Cientistas descobrem fóssil de criança de Australopithecus
Descoberta relatada
na Nature
é considerada uma
das mais importantes da paleontologia
Os cientistas imediatamente arranjaram um nome não oficial para o esqueleto quase completo de uma criança de Australopithecus afarensis com 3,3 milhões de anos descoberta na Etiópia: a bebé de Lucy, remetendo para o célebre fóssil também encontrado na região de Afar de uma fêmea desta espécie, considerada um antepassado do homem. Esta descoberta é uma das mais importantes da paleontologia, dizem hoje na revista Nature os cientistas que estudaram o fóssil.Os paleontólogos muitas vezes têm de se contentar com uns dentes ou uns fragmentos de osso para identificarem um fóssil. Mas o etíope Zeresenay Alemseged, do Instituto Max Planck de Antropologia Evolutiva (Alemanha), teve uma sorte fabulosa: para além do crânio completo, com impressões do cérebro no interior e com dentes de leite no maxilar, encontrou durante as escavações na zona de Dikika o torso completo e partes importantes dos ossos das pernas, dos braços e dos ombros. Descoberta quase inédita foi a do osso hióide, ou osso da língua, que permite estudar os sons que aquela espécie poderia produzir.

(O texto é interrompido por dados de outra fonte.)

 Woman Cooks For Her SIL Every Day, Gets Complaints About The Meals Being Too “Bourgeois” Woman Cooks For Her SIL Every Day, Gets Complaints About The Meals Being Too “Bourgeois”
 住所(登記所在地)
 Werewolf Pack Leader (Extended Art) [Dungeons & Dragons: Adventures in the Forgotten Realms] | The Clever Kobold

Este não é o primeiro fóssil de uma criança de Australopithecus descoberto: esse lugar é o do crânio conhecido como "a criança de Taung", encontrado em 1924, na África do Sul. Era de Australopithecus africanus, uma espécie um pouco mais recente que aquela a que pertenciam Lucy e a criança agora encontrada (que tem mais cerca de 150 mil anos que Lucy). Os Australopithecus afarensis, que terão vivido entre há 3,9 e três milhões de anos, são considerados antepassados do género Homo, a qual todos pertencemos.

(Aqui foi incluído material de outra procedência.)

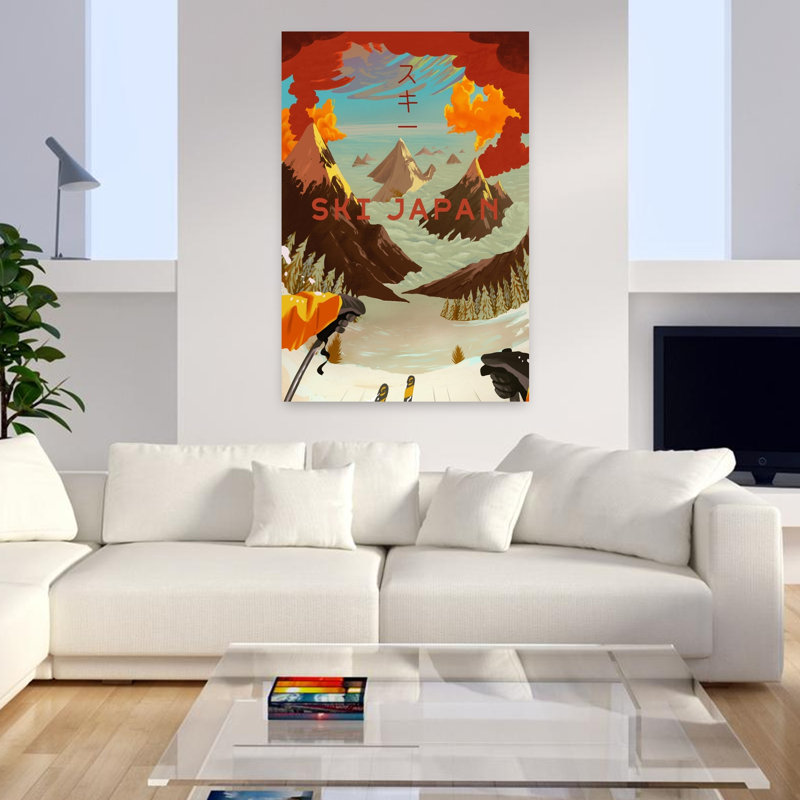 Art contemporain Art contemporain hivernal, H 48 po x l 32 po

Os ossos estavam escondidos dentro de um bloco de pedra e foram sendo descobertos nos anos de 2000, 2002 e 2003. A equipa de Alemseged teve de ir fazendo um trabalho de infinito cuidado e paciência: descascar os ossos da pedra, bocadinho a bocadinho, como se estivesse a tirar uma renda preciosa do interior de um bloco de cimento.
Mas o facto de o fóssil de Dikika estar tão completo pode dar pistas determinantes para compreender esta espécie e a evolução humana. Por exemplo, sobre a evolução da capacidade de se deslocar apenas sobre dois membros.
Os membros inferiores mostram que andava bem em pé, mesmo aos três anos. Mas as omoplatas são semelhantes às dos gorilas, e os dedos longos e curvos, o que sugere que não se sentiria muito desconfortável nas árvores.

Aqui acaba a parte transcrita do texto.